When I first came to terms with being gay and stopped trying to make it go away, I was under the settled impression that there were maybe 100 gays in the whole of the UK. Yes, I didn’t only think I was the only gay in the village, I was pretty sure I was the only gay in the county (and this is Yorkshire we’re talking about here). I wasn’t going to find love, I’d be lucky if I ever came across another gay man in my entire life.
Later, I slowly dispelled that little idea and realised, yes, there were actually other gay men in the country. But they didn’t live together and love each other. That’s what heterosexuals do. Homosexuals don’t do that. We don’t even want that, right? I was weird for wanting that (well, doubly weird). Homosexuals can’t love, it is known. The best I could hope for was one night stands, nights of cruising in public toilets and “looking for badgers” in midnight parks - because that was what gay men did. We had to hide. We weren’t allowed out where real people could see us. That would be wrong.
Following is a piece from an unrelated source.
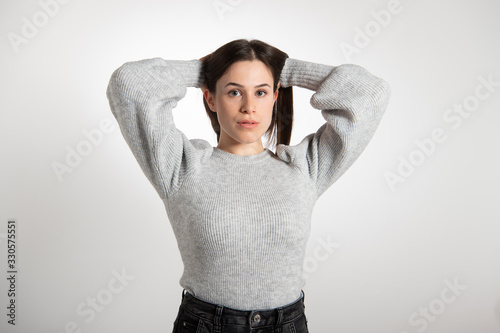 Beautiful girl in big grey sweater with hands behind her head looking at camera. Young pretty woman with perfect makeup and red lipstick...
And then I found out there were bars and clubs where we were allowed to congregate. Gays could actually exist and be open and it was ok. I fell upon them with glee. Except, of course, I knew they were only about sex and lust. Gays didn’t love. I knew that. I’d been taught that., I grew up believing that - all we felt was lust. All we did was hook up. We didn’t date. We didn’t live together. We didn’t love each other. That was a silly dream,
And then I found out gays could form partnerships and even live together. But it wasn’t about love - it was so you could have someone close to you to have sex. It wasn’t about affection. You didn’t kiss or hold hands or hug or have lovey-dovey make out sessions. You had sex. That was the point. And for a long time I believed that - and if I found myself with any kind of partner I clung to it desperately - even if I didn’t love him. Even if I didn’t even like him very much. Because that didn’t matter - it was the closest thing I’d ever get to the real deal. (My relationship history? Yeah, we won’t go there).
Because I could NEVER HAVE the real deal. Love would NEVER happen for me. It COULD NEVER happen for me. Because gay men do not love. It was known.
And then I met Beloved. He fixed a lot of my broken assumptions. He fixed me in many respects. I was lucky. Very very lucky. And I wonder how many others are not even half so lucky.
My kink is love - the impossible dream that actually happened.